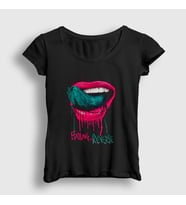 Presmono Kadın Siyah Tongue Dil Dudak Falling In Reverse T-Shirt 504538tt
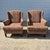 This is a handsome pair of large-scale modern wingback chairs by American furniture maker Stratford, a division of Caye...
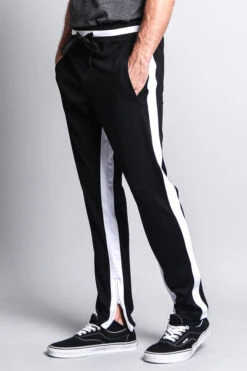 Men's Slim Fit Dual Stripe Track Pants -Victorious TR513 BLK 2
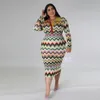 Casual Dresses Classic Colorful Striped Print Turn Collar Long Sleeve Sheath Midi For Women Party Night Club Elegant Robe Wholesale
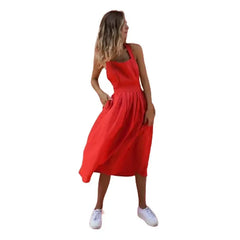 Boho Strappy Backless Solid Color Long Dress - Red / S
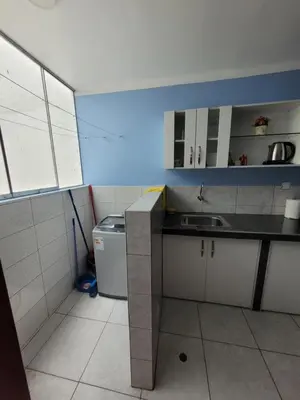 a small kitchen with a counter and a sink at AlojamientoMarín in Lima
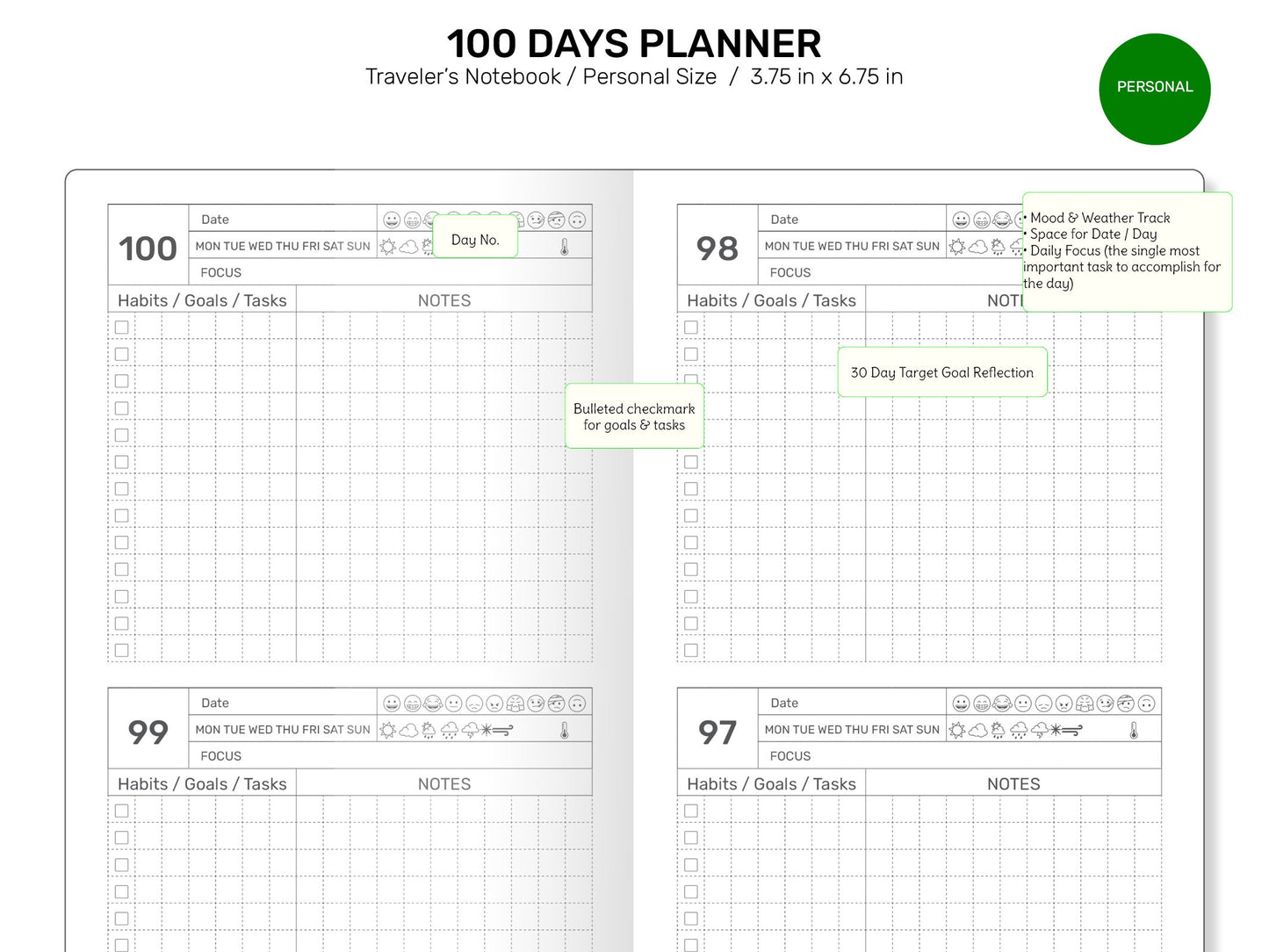 TN Personal 100 DAYS PLANNER Printable Traveler's Notebook Insert Refill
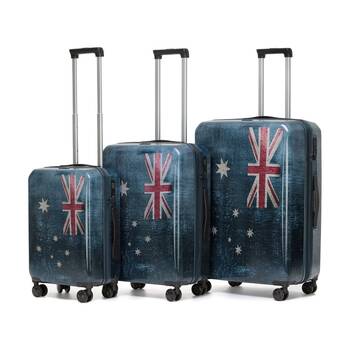 3pc Tosca Australiana Suitcase Set Hard Shell?Travel Luggage Australian Flag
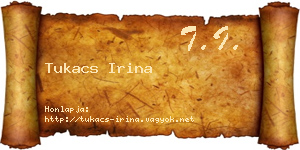 Tukacs Irina névjegykártya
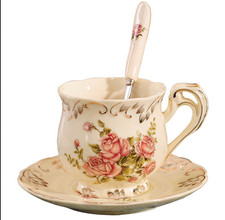 300ml Porcelain Tradition Rose Flower Style Coffee Tea Cup Saucer Spoon Sets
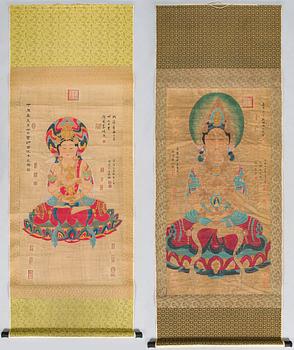 Two Chinese scroll paintings, watercolour and ink on silk,  turn of the 20th century.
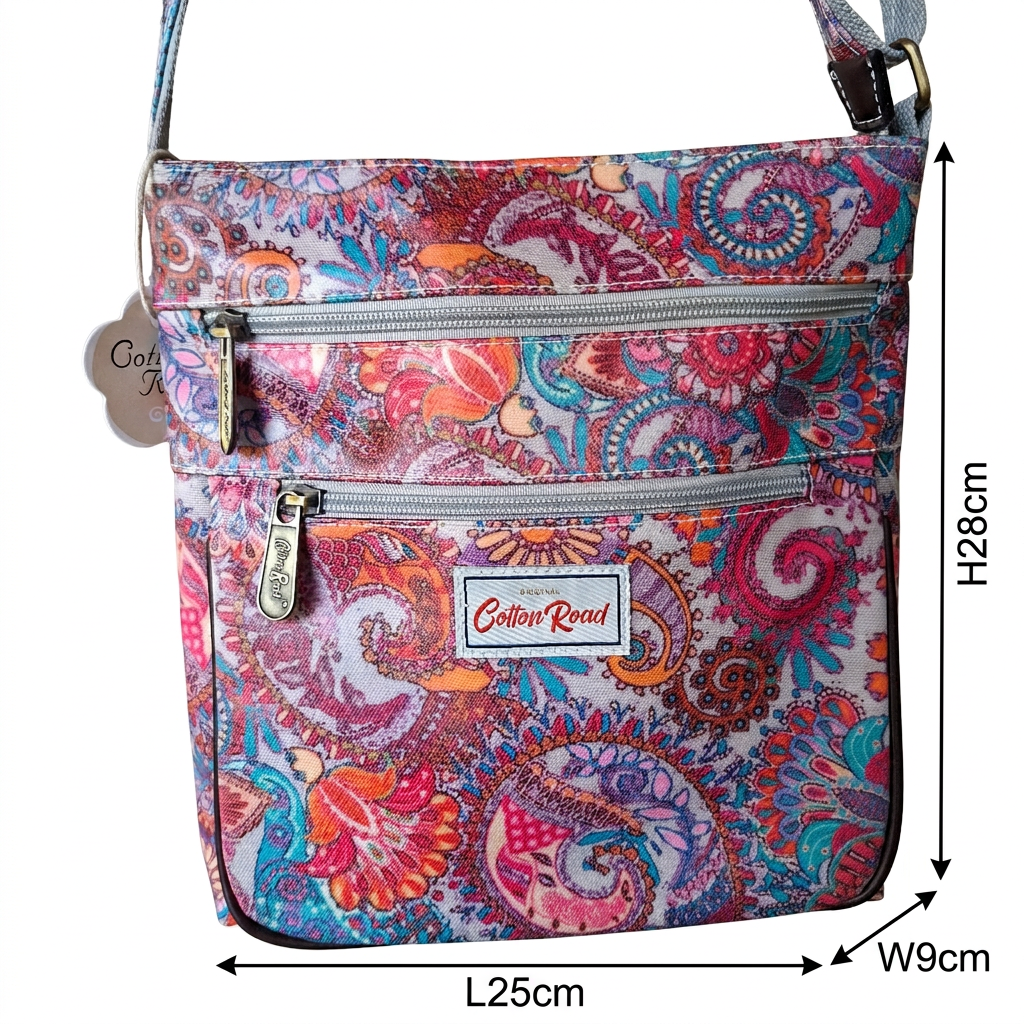 Cotton Road Sling Bag: GREY Colourful Paisley Floral PVC Sling Bag SIZE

________________

Transcribe the records above exactly and drop every picture.

*Expected answer*.
 Presmono Kadın Siyah Tongue Dil Dudak Falling In Reverse T-Shirt 504538tt
 This is a handsome pair of large-scale modern wingback chairs by American furniture maker Stratford, a division of Caye...
 Men's Slim Fit Dual Stripe Track Pants -Victorious TR513 BLK 2
 Casual Dresses Classic Colorful Striped Print Turn Collar Long Sleeve Sheath Midi For Women Party Night Club Elegant Robe Wholesale
 Boho Strappy Backless Solid Color Long Dress - Red / S
 a small kitchen with a counter and a sink at AlojamientoMarín in Lima
 TN Personal 100 DAYS PLANNER Printable Traveler's Notebook Insert Refill
 3pc Tosca Australiana Suitcase Set Hard Shell?Travel Luggage Australian Flag
 Tukacs Irina névjegykártya
 300ml Porcelain Tradition Rose Flower Style Coffee Tea Cup Saucer Spoon Sets
 Two Chinese scroll paintings, watercolour and ink on silk,  turn of the 20th century.
 Cotton Road Sling Bag: GREY Colourful Paisley Floral PVC Sling Bag SIZE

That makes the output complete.